The Art Institute of Chicago houses a collection of nearly 100,000 works spanning 5,000 years of artistic expression, including paintings, prints and drawings, sculptures, photographs, video, textiles, and architectural drawings and fragments.

Originally founded as the Chicago Academy of Fine Arts in 1879, the AIC officially opened in 1893. Within a year, it received its first major gift, French paintings, from Mrs. Henry Field. In 1913, the museum startled the city by hosting the Armory Show, an exhibition of avant-garde art. Exceptional purchases from that exhibition launched the museum’s modern collection. The museum’s holdings of Impressionist and Post-Impressionist paintings were enhanced by the bequest of 52 paintings from Bertha Honoré Palmer in 1924, as well as the 1925 gift of the Helen Birch Bartlett Memorial Collection, which included George Seurat’s celebrated A Sunday Afternoon on La Grande Jatte, 1884-1886. During the Great Depression, the museum received the single most comprehensive gift of art in its history, the bequest of Martin A. Ryerson, consisting of important Western paintings,  textiles, prints and drawings, Asian art, and European decorative arts.

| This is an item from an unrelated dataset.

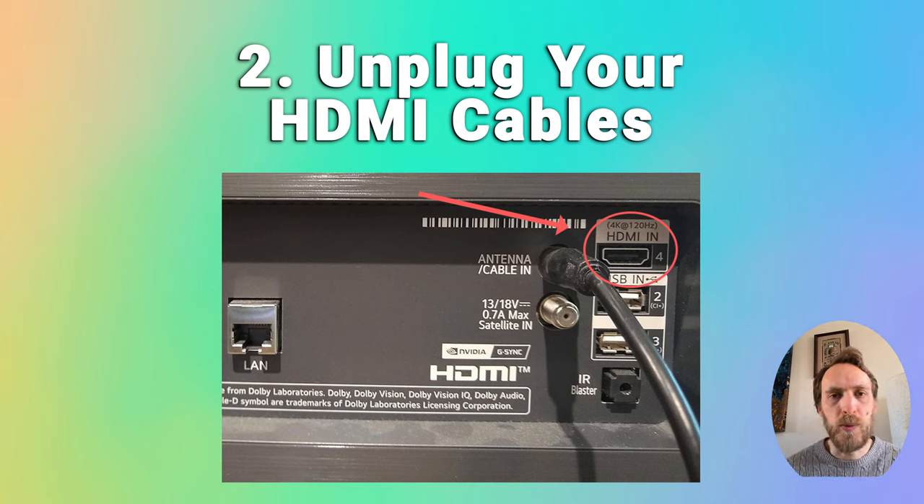Finally, if this doesn't work, try taking all your HDMI cables out, then bring up your on-screen menu and see if the half black screen is covering the on-screen menu. If it is, that means there's a problem within the TV itself rather than with the external connections.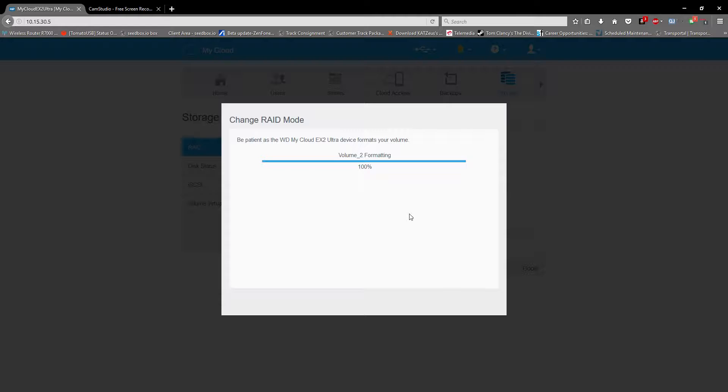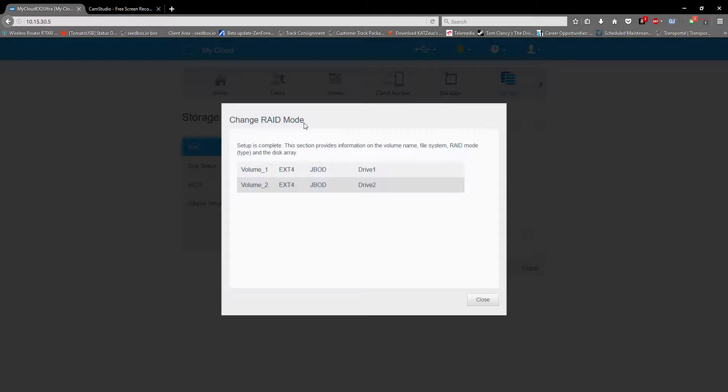The formatting is about to complete for the second disc. To reiterate: if you're changing the RAID mode from RAID 1 — which is an exact replica where if one hard drive fails you still get the data intact — this is JBOD, which means each drive will be treated individually and you need to create a share for each drive.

In 1988, the increase of the contemporary art collection and the popularity of large exhibitions led to the construction of the Daniel F. and Ada L. Rice Building. During the ’90s, Tadao Ando designed a gallery for Japanese screens for the Museum, and in 2009, a building by Renzo Piano devoted to modern and contemporary art was opened, including a bridge that connects the campus to Millennium Park.